In case you'd like to enable importing data to Redshift, then it's not mandatory to provide the exports bucket's name, but you'll have to follow [these instructions](https://docs.carto.com/carto-user-manual/settings/advanced-settings/configuring-s3-bucket-for-redshift-imports) once the CARTO Self-Hosted deployment is ready.

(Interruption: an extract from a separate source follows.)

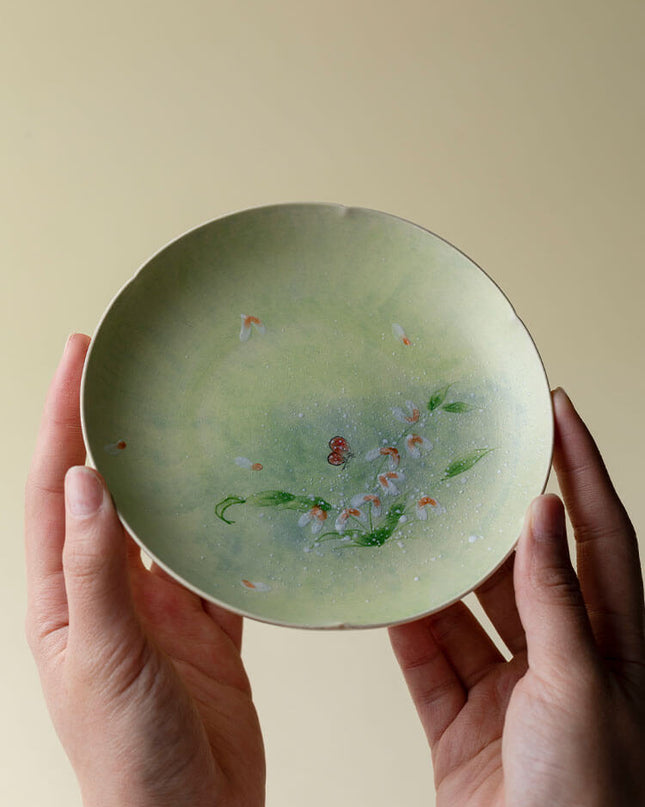 Japanese Wabi-Sabi Style Hand-Painted Garden Ceramic Dinner Plate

### 4.4 Configuration for Snowflake

Create an AWS IAM role with the following settings:

1. Trusted entity type: `Custom trust policy`
2. Custom trust policy: Make sure to replace `<your_aws_user_arn>` with the ARN of the user which Access Key has been configured on CARTO deployment configuration

```json
{
  "Version": "2012-10-17",
  "Statement": [
      {
          "Effect": "Allow",
          "Principal": {
              "AWS": "<your_aws_user_arn>"
          },
          "Action": [
              "sts:AssumeRole",
              "sts:TagSession"
          ]
      }
  ]
}
```

3. Add permissions: Create a new permissions' policy. Please, take into account that you can omit the export bucket permissions if you wouldn't like to enable exporting data from CARTO platform.

```json
{
   "Version": "2012-10-17",
   "Statement": [
       {
           "Effect": "Allow",
           "Action": "s3:ListBucket",
           "Resource": "arn:aws:s3:::<your_aws_s3_data_export_bucket_name>"
       },
       {
           "Effect": "Allow",
           "Action": "s3:*Object",
           "Resource": "arn:aws:s3:::<your_aws_s3_data_export_bucket_name>/*"
       }
   ]
}
```

This role has permissions to use the exports bucket to store the data exported from Snowflake. In order **to enable exporting data from Snowflake you'll have to specify the ARN of the role and the name of the data export bucket** in the CARTO Self-Hosted configuration.

### 4.5 Azure Blob

When configuring Azure Blob as your storage provider, you'll have to:

1. Create 3 containers in your Azure Blob storage account:
   * **Assets Bucket**
   * **Temp Bucket**
   * **Data export Bucket** (optional in case you'd like to allow exporting data from your data warehouse)

{% hint style="info" %}
Custom markers won't work unless the assets bucket is public.
{% endhint %}

2. Configure CORS: Temp and Assets buckets require having the following CORS headers configured:

```json
[
    {
      "origin": ["*"],
      "method": ["GET", "PUT", "POST"],
      "responseHeader": ["Content-Type", "Content-MD5", "Content-Disposition", "Cache-Control" , "Access-Control-Request-Headers", "X-MS-Blob-Type"],
      "maxAgeSeconds": 3600
    }
]
```

{% hint style="info" %}
How do I setup CORS configuration? Check the [provider docs](https://learn.microsoft.com/en-us/rest/api/storageservices/cross-origin-resource-sharing--cors--support-for-the-azure-storage-services#enabling-cors-for-azure-storage).
{% endhint %}

3. Provide an Access Key that will be used to access your containers.
4. Specify the names of the buckets that your application will be using. This allows your application to target the specific buckets for storing and retrieving data.